The theory I'm working with is that its because they're all looking at the web
as a series of web pages, instead of discrete objects or data.

So like a search for "2 bedroom apartment in new york with a doorman"
awkwardly brings me results of web pages (that are SEO-ed to the hilt :).
Instead, don't I just want a series of apartments that match my criteria?

And couldn't that data be fed from those offering this structured data in the
first place such as Roomorama.com (the site I've been working on), or Airbnb
or others?

Thanks for the reply :)

------
sandroyong
I believe there is.

Let’s examine what we have so far. When you search for 'apple' in the library,
where do you go? In truth, without indexing or the help of the librarian, you
go roving through the library and gather all material related to or with the
words ‘apple’ and ‘display’ your results. Google uses algorithms to do just
that - and according to the materials’ the relevance and/or ‘hits’, it will be
listed as such. And, when advertisers pay$ for their ads to be listed first -
these listings will show up in the uppermost sections of the first page - if
someone paid me at the library to look for certain material and display them
first, I would too. Alas, this is the nature of things and we as end-users
often have to muddle through the endless list of ‘stuff’ to find what were
searching for. Yes, yes, we could narrow our search and type 'apple, fruit'
and get more or less what we wanted but there is still ad ‘stuff’ that we had
to dredge through.

My point is that it would be nice to have and indexing of stuff or a
‘librarian’ to go to to be able to help us narrow our search parameters.
Suppose the network infrastructure ‘knew’ exactly where ‘stuff’ is - it’s more
akin to you finding stuff in your room or house - if things are cluttered, you
will be using algorithms to search through all that stuff; but if things were
organized (since you organized it and put it there, and putting the algorithms
back in your pocket), you wouldn’t have trouble finding it. Technically, this
would mean that the information would be stored locally by each of the end-
users on the network, and because it’s stored by end-users, the network
'publishes it' and knows where to 'look'. Just my thoughts...

------
Pheter
Yes. My ideal search engine would return answers rather than a list of links
to answers.

Brain dump of ideas follows:

Search for: "Best cheesecake recipe?" Result: Ingredients, step-by-step guide,
perhaps a video too.

The search engine would adapt to my knowledge and, if I do not know much about
baking, and/or cheesecakes, it would inform me that cheesecake's can be
broadly categorised as baked or unbaked. It would recommend the recipe for one
type to me based on which is easier for a beginner to bake, but with the
option of overriding the default.

Search for: "Best steak"

Now this is a little ambiguous, so I would be prompted for further information
such as "price range, distance, the time that I would like to eat at".
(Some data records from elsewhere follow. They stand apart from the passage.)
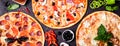 Selection of different pizzas on a black background and ingredients. Peperoni, Vegetarian and Seafood Pizza Royalty Free Stock Photo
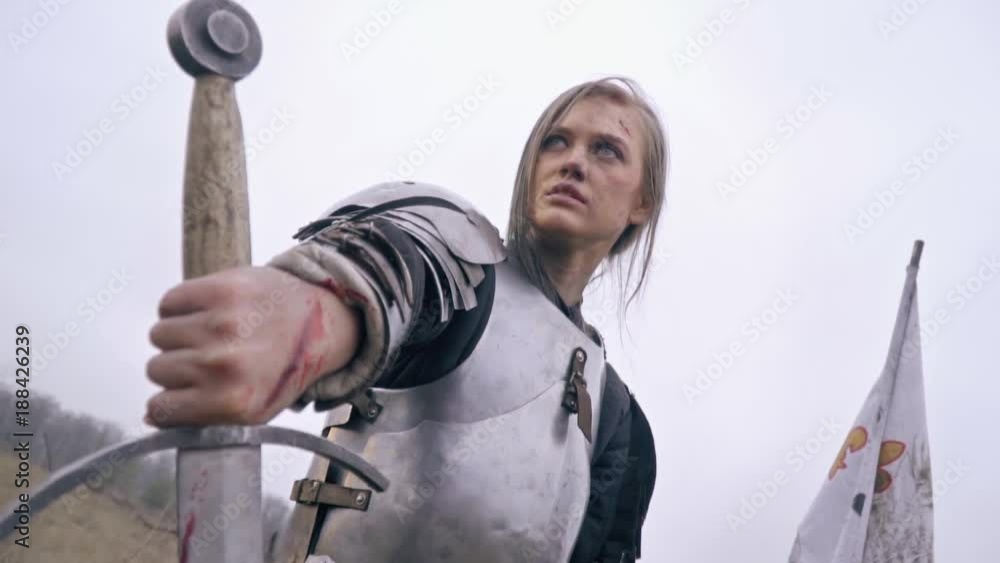 Masculine Jeanne Dark all in wounds is looking into the distance and holding a sword Masculine Jeanne Dark all in wounds is looking into the distance and holding a sword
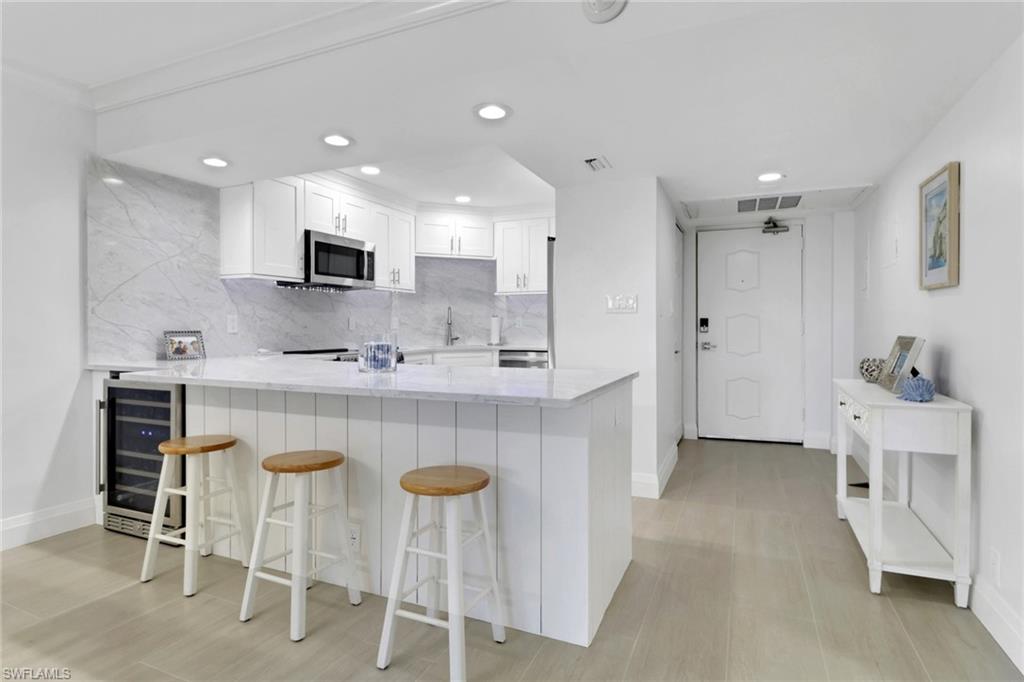 1 Bluebill Avenue, Unit 410 Naples, FL 34108 - Photo 7 of 36 a kitchen with kitchen island cabinets and chairs in it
Result: x restaurant, which is y distance from you, serves the best steak at z
pounds.

If applicable the search engine would inform me that if I am willing to travel
half a mile further then I am able to get an even better steak for half the
price!

It would also be great if I could make a reservation from the same page
displaying the results.

\----------

Now I realise that the above is pretty much impossible for a variety of
reasons, but I would love to be able to pay for something like this.

------
ActVen
Yes. I don't have many specific complaints with Google Search. However, as
companies get larger they often look "upward" at upper management and
investors instead of looking "downward" at their customers. What I mean by
this is they are often more concerned with pleasing their bosses, meeting
revenue goals for investors, and generally not rocking the boat. This presents
a great opportunity for small companies to disrupt the market.

You should definitely read "Seeing What's Next" by Clayton Christensen to get
a better idea of where the weaknesses can be found in companies that dominate
the market. A focus on semantic search certainly sounds like it could be a
good area for a new entrant to gain some ground. Good luck!

------
md1515
There is always room for a new search engine. I think Paul Graham wrote an
article that questioned "do you think 100 years from now we'll be using the
same search engine? I don't even think Google believes that".

There is a lot of room for innovation - there always is. Also, a lot of niche
search engines are popping up. I briefly perused TC this morning and saw an
engine focusing on family heritage...

------
dewiz
you are talking about semantic search. it's a whole """new""" world, which
requires different things to be in place. G+ and FB are walking on that path,
linking different things to eventually offer a smart search engine. not to
mention lifelogging which is part of all of this, since people needs to put a
meaning on their stuff, differently from blog posts where there is too much
information without clear structure.